→ **Goal of the exercise**
Filter the records below for the word "Pack". Keep each line that has it.

→ **Information provided**
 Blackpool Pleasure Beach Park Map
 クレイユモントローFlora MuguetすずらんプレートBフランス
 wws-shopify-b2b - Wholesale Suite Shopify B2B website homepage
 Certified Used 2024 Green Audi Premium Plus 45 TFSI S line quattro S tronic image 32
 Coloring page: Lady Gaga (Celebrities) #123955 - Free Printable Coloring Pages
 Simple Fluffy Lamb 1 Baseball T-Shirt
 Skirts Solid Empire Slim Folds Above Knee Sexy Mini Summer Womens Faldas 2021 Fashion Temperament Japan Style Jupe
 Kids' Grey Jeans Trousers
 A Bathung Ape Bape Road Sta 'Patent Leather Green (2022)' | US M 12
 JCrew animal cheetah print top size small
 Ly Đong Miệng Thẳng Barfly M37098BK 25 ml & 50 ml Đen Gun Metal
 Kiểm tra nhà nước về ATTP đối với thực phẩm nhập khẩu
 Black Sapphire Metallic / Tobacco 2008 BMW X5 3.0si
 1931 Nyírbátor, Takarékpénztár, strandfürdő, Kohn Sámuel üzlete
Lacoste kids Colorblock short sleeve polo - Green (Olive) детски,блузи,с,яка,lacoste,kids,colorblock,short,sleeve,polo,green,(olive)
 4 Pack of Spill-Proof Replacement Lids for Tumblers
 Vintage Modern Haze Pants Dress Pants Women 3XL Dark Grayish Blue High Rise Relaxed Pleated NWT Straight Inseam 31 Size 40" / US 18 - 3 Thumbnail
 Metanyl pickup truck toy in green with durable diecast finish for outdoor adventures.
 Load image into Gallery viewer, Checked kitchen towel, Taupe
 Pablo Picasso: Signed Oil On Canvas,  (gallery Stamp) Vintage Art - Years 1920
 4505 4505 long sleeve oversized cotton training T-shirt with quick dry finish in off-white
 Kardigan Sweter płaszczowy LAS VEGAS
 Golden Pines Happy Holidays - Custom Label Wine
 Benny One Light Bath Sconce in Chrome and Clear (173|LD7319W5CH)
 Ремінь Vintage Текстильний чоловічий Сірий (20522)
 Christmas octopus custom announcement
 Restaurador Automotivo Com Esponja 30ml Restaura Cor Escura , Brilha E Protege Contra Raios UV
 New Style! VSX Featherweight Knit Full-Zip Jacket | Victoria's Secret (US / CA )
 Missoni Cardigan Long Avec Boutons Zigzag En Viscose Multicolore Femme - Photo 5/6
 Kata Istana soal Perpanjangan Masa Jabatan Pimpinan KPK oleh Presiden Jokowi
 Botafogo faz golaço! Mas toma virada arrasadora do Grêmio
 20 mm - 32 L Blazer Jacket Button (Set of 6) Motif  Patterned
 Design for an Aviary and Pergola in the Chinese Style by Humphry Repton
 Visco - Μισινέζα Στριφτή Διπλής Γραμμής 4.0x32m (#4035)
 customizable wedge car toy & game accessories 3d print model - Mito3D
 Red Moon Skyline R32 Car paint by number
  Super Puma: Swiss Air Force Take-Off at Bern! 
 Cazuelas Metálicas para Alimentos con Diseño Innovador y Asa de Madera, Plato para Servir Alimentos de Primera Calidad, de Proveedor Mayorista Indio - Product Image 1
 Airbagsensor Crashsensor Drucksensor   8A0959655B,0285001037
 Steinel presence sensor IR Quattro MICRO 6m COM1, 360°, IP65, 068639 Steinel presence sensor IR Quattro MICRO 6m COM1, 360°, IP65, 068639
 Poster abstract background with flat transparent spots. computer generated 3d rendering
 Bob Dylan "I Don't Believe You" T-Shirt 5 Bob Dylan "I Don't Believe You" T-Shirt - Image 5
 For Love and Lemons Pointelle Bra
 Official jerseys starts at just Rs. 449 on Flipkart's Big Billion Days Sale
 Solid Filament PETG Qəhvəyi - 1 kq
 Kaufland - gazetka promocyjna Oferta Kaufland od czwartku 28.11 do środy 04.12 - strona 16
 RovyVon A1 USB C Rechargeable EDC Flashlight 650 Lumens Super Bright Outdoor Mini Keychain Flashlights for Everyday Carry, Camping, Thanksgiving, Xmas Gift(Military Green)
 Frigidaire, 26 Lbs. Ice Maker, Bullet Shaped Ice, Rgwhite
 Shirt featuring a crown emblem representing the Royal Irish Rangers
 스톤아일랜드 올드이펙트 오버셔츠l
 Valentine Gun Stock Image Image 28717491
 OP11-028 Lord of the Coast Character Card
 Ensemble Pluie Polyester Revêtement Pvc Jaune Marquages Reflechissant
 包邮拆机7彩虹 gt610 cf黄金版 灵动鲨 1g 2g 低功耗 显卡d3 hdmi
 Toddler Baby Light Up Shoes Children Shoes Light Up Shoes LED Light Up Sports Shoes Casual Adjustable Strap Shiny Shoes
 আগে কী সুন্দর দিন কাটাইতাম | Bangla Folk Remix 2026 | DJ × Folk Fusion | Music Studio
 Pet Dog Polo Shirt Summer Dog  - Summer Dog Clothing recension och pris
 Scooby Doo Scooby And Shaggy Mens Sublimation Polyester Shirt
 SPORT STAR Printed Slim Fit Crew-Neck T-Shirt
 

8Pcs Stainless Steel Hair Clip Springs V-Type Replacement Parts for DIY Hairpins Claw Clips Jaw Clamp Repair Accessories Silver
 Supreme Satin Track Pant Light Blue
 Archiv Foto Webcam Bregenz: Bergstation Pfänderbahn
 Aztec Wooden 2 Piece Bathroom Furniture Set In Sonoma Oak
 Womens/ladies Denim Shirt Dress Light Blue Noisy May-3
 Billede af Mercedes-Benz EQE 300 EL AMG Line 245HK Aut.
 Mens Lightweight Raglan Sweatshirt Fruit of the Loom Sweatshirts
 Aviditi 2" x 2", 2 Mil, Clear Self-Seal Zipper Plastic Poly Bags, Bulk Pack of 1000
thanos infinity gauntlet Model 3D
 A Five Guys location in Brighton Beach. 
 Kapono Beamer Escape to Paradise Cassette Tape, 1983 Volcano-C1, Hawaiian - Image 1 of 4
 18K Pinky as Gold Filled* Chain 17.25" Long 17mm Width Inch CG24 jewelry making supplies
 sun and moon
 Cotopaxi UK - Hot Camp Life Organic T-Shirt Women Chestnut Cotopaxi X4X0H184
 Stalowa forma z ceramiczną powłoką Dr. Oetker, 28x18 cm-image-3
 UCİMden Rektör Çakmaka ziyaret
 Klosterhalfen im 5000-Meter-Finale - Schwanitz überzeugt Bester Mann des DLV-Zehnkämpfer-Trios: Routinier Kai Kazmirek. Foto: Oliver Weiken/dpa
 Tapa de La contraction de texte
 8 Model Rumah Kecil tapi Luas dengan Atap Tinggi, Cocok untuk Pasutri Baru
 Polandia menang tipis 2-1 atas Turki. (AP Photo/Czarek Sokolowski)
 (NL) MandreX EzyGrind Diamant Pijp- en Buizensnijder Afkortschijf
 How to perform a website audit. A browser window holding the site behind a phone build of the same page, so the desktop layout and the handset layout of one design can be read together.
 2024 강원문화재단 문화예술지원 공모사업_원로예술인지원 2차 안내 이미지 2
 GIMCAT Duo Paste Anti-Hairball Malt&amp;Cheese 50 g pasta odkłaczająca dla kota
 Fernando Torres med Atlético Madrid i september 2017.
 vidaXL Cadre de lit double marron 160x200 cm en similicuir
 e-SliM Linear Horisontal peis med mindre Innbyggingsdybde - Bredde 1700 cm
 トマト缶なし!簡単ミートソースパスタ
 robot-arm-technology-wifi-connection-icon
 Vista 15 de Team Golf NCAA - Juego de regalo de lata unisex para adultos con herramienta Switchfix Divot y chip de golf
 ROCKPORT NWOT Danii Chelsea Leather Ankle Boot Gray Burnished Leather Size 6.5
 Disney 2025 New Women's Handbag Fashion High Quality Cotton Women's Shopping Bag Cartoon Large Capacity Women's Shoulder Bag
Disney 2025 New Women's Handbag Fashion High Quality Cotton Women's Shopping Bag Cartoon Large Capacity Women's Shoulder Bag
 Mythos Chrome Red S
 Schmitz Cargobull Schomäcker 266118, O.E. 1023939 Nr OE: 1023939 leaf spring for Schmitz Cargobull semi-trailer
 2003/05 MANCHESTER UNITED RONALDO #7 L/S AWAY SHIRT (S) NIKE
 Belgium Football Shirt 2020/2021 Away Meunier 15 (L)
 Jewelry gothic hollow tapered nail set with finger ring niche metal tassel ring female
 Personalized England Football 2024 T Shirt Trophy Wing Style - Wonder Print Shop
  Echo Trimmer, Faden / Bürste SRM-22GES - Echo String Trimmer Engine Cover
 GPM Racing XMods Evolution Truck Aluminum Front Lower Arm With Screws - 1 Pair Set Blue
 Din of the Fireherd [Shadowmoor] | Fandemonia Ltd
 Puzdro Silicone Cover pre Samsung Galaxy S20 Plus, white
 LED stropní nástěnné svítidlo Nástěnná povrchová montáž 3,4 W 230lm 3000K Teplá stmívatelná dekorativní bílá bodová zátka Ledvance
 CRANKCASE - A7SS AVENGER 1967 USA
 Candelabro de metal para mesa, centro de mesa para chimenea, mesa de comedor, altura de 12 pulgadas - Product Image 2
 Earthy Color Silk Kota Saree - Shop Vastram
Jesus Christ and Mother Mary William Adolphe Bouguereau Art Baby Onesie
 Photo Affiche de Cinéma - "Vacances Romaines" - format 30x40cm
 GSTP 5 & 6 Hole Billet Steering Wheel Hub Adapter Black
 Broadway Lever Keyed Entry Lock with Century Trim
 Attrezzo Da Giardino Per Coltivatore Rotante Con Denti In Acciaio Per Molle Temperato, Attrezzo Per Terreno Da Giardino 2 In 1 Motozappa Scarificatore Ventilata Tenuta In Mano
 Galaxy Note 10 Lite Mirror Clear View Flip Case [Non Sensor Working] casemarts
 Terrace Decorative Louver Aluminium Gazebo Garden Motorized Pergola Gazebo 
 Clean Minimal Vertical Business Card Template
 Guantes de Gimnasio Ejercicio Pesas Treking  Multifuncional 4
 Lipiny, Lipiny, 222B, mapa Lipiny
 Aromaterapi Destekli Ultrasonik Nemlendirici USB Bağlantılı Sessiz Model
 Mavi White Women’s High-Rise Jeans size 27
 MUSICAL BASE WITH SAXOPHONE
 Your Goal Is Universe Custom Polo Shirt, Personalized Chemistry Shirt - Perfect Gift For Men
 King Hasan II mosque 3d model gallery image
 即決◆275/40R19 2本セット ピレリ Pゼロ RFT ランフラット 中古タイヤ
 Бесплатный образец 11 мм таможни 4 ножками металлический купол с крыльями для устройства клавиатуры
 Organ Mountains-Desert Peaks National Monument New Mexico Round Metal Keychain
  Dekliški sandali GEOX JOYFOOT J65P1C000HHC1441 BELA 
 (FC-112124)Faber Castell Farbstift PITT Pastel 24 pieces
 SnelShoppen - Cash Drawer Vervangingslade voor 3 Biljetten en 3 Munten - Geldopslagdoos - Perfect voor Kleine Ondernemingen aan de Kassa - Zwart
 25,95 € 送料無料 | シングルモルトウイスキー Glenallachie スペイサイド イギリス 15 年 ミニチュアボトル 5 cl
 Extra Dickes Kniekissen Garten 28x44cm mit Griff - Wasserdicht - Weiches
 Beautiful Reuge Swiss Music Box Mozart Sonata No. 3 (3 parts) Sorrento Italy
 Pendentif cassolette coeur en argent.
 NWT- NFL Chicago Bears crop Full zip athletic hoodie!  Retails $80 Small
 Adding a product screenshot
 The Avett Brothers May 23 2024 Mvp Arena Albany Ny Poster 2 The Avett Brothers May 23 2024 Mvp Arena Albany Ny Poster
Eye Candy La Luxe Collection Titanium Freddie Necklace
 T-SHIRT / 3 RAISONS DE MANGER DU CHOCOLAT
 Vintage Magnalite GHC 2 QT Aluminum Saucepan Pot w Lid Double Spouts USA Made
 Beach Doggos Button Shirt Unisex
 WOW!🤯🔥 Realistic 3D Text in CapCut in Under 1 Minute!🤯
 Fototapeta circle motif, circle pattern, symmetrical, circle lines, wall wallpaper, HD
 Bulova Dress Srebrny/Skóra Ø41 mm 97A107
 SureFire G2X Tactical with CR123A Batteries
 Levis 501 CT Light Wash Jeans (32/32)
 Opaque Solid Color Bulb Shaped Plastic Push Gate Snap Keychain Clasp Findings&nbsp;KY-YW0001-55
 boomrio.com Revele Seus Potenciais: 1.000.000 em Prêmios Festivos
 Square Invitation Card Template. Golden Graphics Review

→ **Output for this exercise**
 4 Pack of Spill-Proof Replacement Lids for Tumblers
 Aviditi 2" x 2", 2 Mil, Clear Self-Seal Zipper Plastic Poly Bags, Bulk Pack of 1000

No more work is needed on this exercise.